The super().init() call no longer passes tie_word_embeddings. This means the parent class PreTrainedConfig won't receive this parameter. Verify that the parent class correctly handles tie_word_embeddings through **kwargs, or explicitly pass it if needed.

Suggested change

super().__init__(ignore_keys_at_rope_validation={"mrope_section"}, **kwargs)

super().__init__(

tie_word_embeddings=tie_word_embeddings,

ignore_keys_at_rope_validation={"mrope_section"},

**kwargs,

)

Copilot · 2026-01-19T05:16:56Z

    patch_size = 14
    temporal_patch_size = 2
    merge_size = 2
-    min_pixels = None
-    max_pixels = None
    valid_kwargs = GlmImageImageProcessorKwargs


The removal of min_pixels and max_pixels as class attributes could be a breaking change for users who directly access these attributes (e.g., processor.min_pixels). Consider documenting this change or maintaining backward compatibility by keeping them as None defaults in the class definition.

Copilot · 2026-01-19T05:16:56Z

+def apply_rotary_pos_emb(q, k, cos, sin, unsqueeze_dim=1):
    """Applies Rotary Position Embedding to the query and key tensors.

    Args:
        q (`torch.Tensor`): The query tensor.
        k (`torch.Tensor`): The key tensor.
        cos (`torch.Tensor`): The cosine part of the rotary embedding.
        sin (`torch.Tensor`): The sine part of the rotary embedding.
-        position_ids (`torch.Tensor`, *optional*):
-            Deprecated and unused.
        unsqueeze_dim (`int`, *optional*, defaults to 1):
            The 'unsqueeze_dim' argument specifies the dimension along which to unsqueeze cos[position_ids] and
            sin[position_ids] so that they can be properly broadcasted to the dimensions of q and k.
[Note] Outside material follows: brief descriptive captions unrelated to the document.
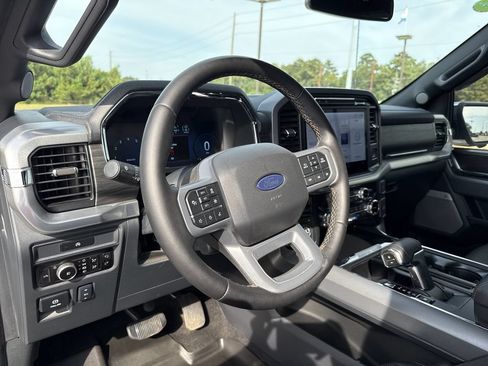 Used 2025 Ford F150 Lariat w/ Equipment Group 501A Mid AWD/4WD image 12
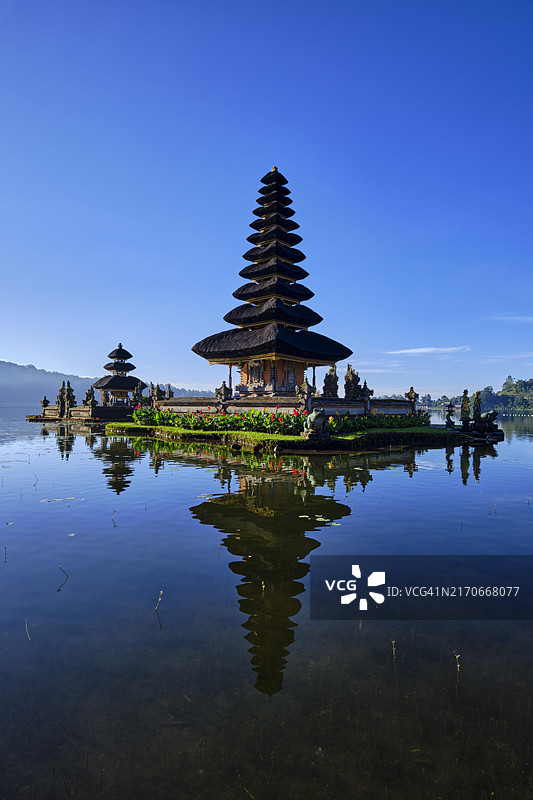 印度尼西亚巴厘岛贝都古，布拉坦湖水神庙图片素材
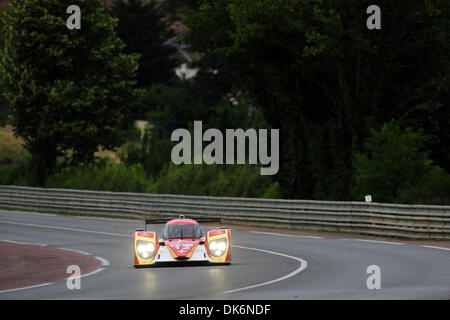 Giu 8, 2011 - Le Mans, Francia - Rebellion Racing Lola B 10/60 Coupe-Toyota, #12, Nicolas Prost e Neel Jani, Jeroen Bleekemolen durante la pratica per la 24 Ore di Le Mans. (Credito Immagine: © Rainer Ehrhardt/ZUMAPRESS.com) Foto Stock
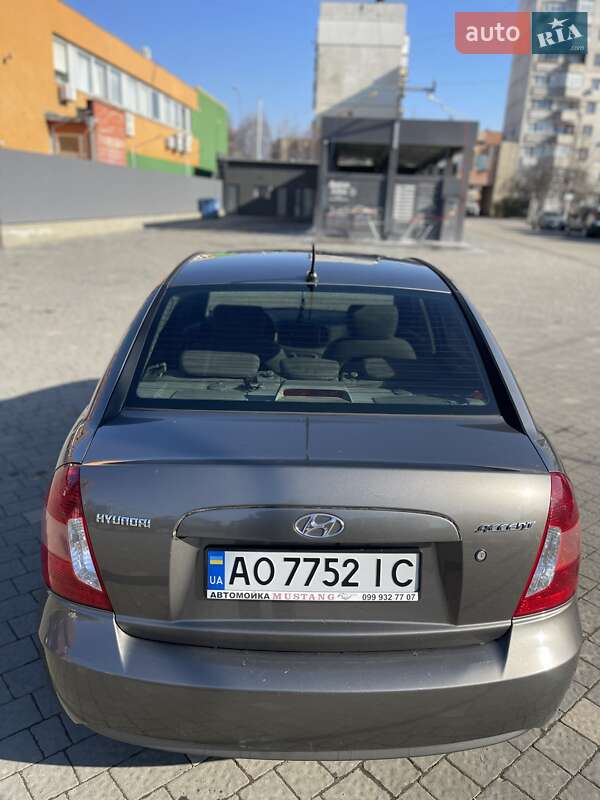 Седан Hyundai Accent 2008 в Ужгороді фото 9 Седан Hyundai Accent 2008 в Ужгороді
For example, note


The unused position_ids parameter has been removed from the function signature. However, the docstring still references this parameter in the Args section. The docstring should be updated to reflect this change.

Signed-off-by: JaredforReal <w13431838023@gmail.com>

…gnature

…m search

Signed-off-by: JaredforReal <w13431838023@gmail.com>

JaredforReal · 2026-01-19T12:29:44Z

Done

Signed-off-by: JaredforReal <w13431838023@gmail.com>

JaredforReal · 2026-01-28T08:57:21Z

@zucchini-nlp updated, PTAL

zucchini-nlp

Thanks, lats round of comments and we're good!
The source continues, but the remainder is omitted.